WORK REQUEST: The lines from the top of the data down to the line with "<p>2016 MERCEDES-BENZ A 180 SE</p>" should be repeated exactly, both ends included.

Stored records
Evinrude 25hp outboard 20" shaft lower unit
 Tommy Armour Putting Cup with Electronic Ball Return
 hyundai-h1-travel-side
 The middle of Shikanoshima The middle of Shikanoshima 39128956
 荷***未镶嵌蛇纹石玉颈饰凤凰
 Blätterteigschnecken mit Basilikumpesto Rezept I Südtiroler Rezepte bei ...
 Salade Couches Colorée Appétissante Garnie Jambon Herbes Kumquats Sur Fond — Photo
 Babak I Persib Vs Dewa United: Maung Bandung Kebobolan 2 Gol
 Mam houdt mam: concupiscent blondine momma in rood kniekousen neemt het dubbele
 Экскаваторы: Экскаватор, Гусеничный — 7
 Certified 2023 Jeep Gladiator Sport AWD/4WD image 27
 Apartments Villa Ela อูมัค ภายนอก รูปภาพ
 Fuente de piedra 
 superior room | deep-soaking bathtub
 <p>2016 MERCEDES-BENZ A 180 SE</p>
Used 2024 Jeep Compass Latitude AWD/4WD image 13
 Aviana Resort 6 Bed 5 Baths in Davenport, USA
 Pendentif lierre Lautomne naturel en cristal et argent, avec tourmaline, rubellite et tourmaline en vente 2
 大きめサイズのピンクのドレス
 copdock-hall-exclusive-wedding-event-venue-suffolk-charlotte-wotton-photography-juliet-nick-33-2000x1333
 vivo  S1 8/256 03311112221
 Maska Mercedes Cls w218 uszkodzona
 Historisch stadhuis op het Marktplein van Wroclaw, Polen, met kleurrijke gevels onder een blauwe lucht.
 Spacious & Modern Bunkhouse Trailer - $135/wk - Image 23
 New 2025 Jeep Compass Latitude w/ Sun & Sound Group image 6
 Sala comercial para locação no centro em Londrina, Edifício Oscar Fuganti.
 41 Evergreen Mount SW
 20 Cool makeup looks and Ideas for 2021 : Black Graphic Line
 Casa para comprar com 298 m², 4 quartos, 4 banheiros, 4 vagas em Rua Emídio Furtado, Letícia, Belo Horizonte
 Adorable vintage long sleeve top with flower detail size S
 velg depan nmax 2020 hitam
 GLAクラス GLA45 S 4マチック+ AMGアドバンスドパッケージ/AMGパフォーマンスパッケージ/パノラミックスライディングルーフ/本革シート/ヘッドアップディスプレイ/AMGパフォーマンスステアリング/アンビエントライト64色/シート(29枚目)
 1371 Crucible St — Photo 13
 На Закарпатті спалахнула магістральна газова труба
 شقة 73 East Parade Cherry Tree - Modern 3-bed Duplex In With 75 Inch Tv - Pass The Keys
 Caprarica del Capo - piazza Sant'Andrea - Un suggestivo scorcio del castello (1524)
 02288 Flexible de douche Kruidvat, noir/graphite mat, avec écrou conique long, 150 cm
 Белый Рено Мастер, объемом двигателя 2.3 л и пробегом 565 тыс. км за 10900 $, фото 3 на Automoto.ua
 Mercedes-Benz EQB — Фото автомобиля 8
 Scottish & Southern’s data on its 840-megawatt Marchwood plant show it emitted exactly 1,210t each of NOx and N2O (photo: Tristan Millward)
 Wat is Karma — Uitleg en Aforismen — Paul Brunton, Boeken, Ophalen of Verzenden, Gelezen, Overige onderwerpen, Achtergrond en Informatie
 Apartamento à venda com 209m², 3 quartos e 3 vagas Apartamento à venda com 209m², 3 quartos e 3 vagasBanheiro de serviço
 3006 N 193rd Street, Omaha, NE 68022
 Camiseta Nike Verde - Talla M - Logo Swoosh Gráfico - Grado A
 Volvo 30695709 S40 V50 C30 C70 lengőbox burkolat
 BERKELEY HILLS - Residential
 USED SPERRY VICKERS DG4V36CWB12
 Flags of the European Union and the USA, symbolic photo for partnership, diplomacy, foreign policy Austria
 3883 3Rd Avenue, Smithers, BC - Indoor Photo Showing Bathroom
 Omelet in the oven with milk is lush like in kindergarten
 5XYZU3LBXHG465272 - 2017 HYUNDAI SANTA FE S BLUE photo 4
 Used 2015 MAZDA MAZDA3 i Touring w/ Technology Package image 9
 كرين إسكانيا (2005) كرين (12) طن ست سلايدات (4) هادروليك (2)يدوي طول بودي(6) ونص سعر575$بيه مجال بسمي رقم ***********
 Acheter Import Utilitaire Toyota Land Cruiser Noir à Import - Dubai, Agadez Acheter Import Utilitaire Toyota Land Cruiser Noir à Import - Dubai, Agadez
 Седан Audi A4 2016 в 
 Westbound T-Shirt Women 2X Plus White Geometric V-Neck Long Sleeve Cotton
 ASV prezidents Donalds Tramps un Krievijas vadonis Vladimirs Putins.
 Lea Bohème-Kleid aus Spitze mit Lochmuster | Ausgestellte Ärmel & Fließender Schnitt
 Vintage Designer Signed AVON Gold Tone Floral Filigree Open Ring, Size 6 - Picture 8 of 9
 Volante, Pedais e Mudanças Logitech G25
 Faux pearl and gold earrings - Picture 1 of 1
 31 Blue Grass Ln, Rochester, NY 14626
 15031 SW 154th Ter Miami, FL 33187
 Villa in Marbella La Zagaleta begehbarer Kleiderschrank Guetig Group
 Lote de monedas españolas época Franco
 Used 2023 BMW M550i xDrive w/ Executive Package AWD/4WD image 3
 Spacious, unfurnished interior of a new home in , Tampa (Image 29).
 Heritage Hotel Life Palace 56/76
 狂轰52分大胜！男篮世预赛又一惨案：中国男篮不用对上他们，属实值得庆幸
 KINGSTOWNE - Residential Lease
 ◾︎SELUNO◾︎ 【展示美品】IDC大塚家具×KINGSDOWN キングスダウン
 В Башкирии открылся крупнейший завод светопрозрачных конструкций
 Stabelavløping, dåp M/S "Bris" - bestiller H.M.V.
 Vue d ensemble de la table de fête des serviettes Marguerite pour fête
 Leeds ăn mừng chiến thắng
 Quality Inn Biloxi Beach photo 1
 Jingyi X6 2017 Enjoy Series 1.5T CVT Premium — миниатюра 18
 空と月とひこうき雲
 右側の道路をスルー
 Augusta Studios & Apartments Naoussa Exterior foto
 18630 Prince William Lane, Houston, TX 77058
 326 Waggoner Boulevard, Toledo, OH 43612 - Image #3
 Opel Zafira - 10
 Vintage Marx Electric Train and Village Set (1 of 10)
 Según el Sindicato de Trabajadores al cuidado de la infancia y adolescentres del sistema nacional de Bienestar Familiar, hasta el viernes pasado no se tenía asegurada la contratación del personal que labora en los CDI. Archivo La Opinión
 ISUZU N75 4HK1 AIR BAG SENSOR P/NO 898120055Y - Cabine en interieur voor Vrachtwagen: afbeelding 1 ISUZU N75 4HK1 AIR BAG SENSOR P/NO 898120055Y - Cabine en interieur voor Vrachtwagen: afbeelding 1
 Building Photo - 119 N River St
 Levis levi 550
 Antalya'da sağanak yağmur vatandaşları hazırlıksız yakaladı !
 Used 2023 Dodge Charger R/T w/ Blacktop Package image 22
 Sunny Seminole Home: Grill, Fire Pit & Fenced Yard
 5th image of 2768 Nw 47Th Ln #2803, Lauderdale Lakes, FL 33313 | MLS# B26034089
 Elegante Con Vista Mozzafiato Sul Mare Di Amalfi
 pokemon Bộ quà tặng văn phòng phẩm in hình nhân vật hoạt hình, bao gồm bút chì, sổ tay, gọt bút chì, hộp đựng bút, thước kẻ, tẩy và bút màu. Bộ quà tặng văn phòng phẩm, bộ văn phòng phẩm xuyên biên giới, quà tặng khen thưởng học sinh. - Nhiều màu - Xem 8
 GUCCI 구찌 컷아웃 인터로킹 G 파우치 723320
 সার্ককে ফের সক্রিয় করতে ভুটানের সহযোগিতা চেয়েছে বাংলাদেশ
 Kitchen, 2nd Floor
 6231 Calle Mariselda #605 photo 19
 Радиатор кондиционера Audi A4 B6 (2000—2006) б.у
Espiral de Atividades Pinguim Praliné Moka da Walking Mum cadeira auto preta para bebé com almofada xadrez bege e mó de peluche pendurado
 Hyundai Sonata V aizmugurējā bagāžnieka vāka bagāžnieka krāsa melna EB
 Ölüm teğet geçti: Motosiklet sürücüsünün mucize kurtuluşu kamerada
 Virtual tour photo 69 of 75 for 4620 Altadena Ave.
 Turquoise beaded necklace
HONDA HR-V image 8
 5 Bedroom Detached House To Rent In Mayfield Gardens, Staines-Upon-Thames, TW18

TASK ANSWER:
Evinrude 25hp outboard 20" shaft lower unit
 Tommy Armour Putting Cup with Electronic Ball Return
 hyundai-h1-travel-side
 The middle of Shikanoshima The middle of Shikanoshima 39128956
 荷***未镶嵌蛇纹石玉颈饰凤凰
 Blätterteigschnecken mit Basilikumpesto Rezept I Südtiroler Rezepte bei ...
 Salade Couches Colorée Appétissante Garnie Jambon Herbes Kumquats Sur Fond — Photo
 Babak I Persib Vs Dewa United: Maung Bandung Kebobolan 2 Gol
 Mam houdt mam: concupiscent blondine momma in rood kniekousen neemt het dubbele
 Экскаваторы: Экскаватор, Гусеничный — 7
 Certified 2023 Jeep Gladiator Sport AWD/4WD image 27
 Apartments Villa Ela อูมัค ภายนอก รูปภาพ
 Fuente de piedra 
 superior room | deep-soaking bathtub
 <p>2016 MERCEDES-BENZ A 180 SE</p>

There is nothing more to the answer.